Categories: Covers Mixes, Mix CD-Rs, Songbooks Tags:

Any Major Lamont Dozier Songbook

September 27th, 2022 3 comments


A few weeks ago we marked the death on August 8 of Lamont Dozier with a mix of songs he wrote at Motown with the brothers Brian and Eddie Holland. This is a sequel to the Any Major Holland-Dozier-Holland Songbook, covering almost exclusively the post-Motown era, during which Dozier still worked with the Hollands, but also with others and on his own.

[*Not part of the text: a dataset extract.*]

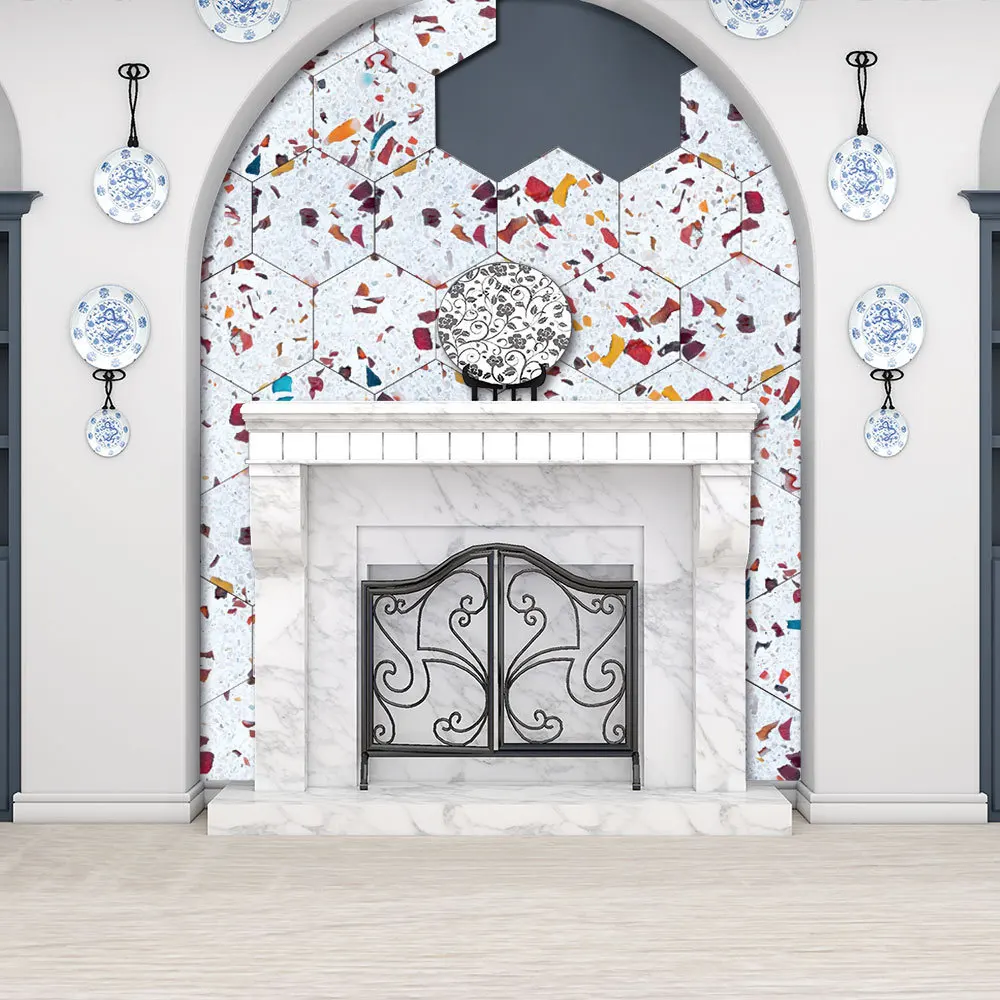 6 шт. 20x23 см новые шестиугольные плитки наклейки для ванной кухни DIY домашние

Holland-Dozier-Holland split from Motown acrimoniously. Having founded the Invictus label, which created some of the greatest early-‘70s soul music, the trio were precluded by a lawsuit from crediting themselves for the songs they wrote. That’s how the fictional Edith Wayne, a pseudonym for HDH, came to co-write soul classics such as Band Of Gold, Give Me Just A Little More Time, Dangling On A String, Everything’s Tuesday, Westbound No. 9, Too Many Cooks (Spoil The Soup), and others.

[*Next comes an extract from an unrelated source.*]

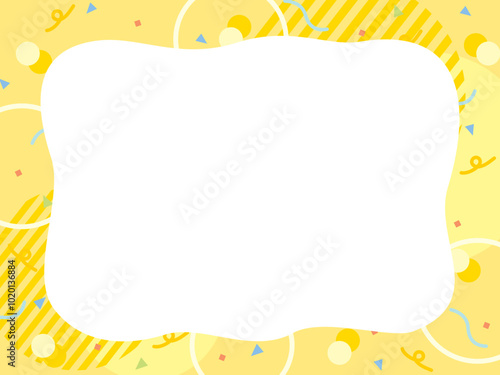 幾何学模様のポップな白背景のフレームイラスト　サイズ比率4:3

The legal strife with Berry Gordy Jr was nasty business, but according to Dozier it was exactly that: just business. So by the mid-1970s, the Hollands worked with Motown again, in a delightful twist producing The Supremes, the band which in the 1960s they had produced to superstardom (and listen to Freda Payne’s Deeper And Deeper to hear some of that residual Supremes-like magic). On The Supremes’ 1976’s hit album High Energy, only Mary Wilson was left of the classic line-up. Sharing the lead by then was Scherrie Payne, Freda’s younger sister. But on the featured track, the Dozier co-written Don’t Let My Teardrops Bother You, Wilson takes the lead.

Before Scherrie joined The Supremes in 1973, she was in the Invictus band The Glass House, featured here with the gospel-funk track Heaven Is There To Guide Us, for which she received a co-writer’s credit, as she did for Crumbs Off The Table, a Glass House track covered here by Dusty Springfield.

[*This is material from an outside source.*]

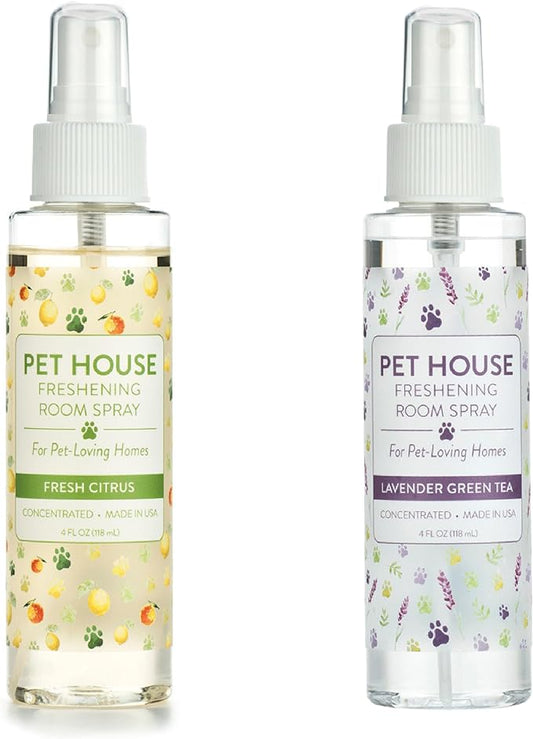 One Fur All Pet House Freshening Room Spray - Lavender Green Tea/Fresh Citrus - Concentrated Air Freshener - Non-Toxic & Pet-Friendly - Odor Eliminator (Pack of 2)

There are two other songs with a faith-based theme here, both glorious grooves. The Sylvers’ Touch Me Jesus and Harrison Kennedy’s Sunday Morning People (which attacks the hypocrisy of people in the pews). In their original versions, by The Glass House (actually recorded by Darlene Love’s The Blossoms) and The Honey Cone respectively, both songs featured on the excellent Saved! The Soul Edition mix.

Perhaps the second-most surprising cover artist here, after Motörhead, is Donny Osmond. He covers the Chairmen of the Board’s glorious Dangling On A String. One might fear the worst, since Donald’s artistic reputation did not hinge on his powress as a traditional soul man. In the event, it is an agreeable interpretation — and not surprisingly, since co-writer Brian Holland produced the 1977 album this comes from.

Motörhead’s contribution from 1977, Leaving Here, is the only song here that belongs firmly in the Holland-Dozier-Holland Motown era. It was one of the trio’s earliest compositions, having been first released as a single in 1963 by Eddie Holland. It made no commercial impression, but in 1977, Lemmy and his pals Phil and Eddie recorded the song as their debut single. It’s not like Motörhead were deep-tracking obscure Motown material; their inspiration was a 1965 recording by the group The Birds, which counted among its members a fresh-faced Ronnie Woods.

The mix kicks off with Odyssey’s magnificent version of Going Back To My Roots, a song Dozier wrote on his own and recorded in 1977. Hugh Masekela helped Dozier infuse the song with its Afro-pop sensibility, which the Odyssey cover retained (including the Yoruba chant). It had already been covered by Richie Haven, but Odyssey had a huge hit with it in Europe in 1981. It topped the charts in South Africa, the home which Masekela could not return to… Dozier’s original featured on Any Major Originals: Soul Vol. 1).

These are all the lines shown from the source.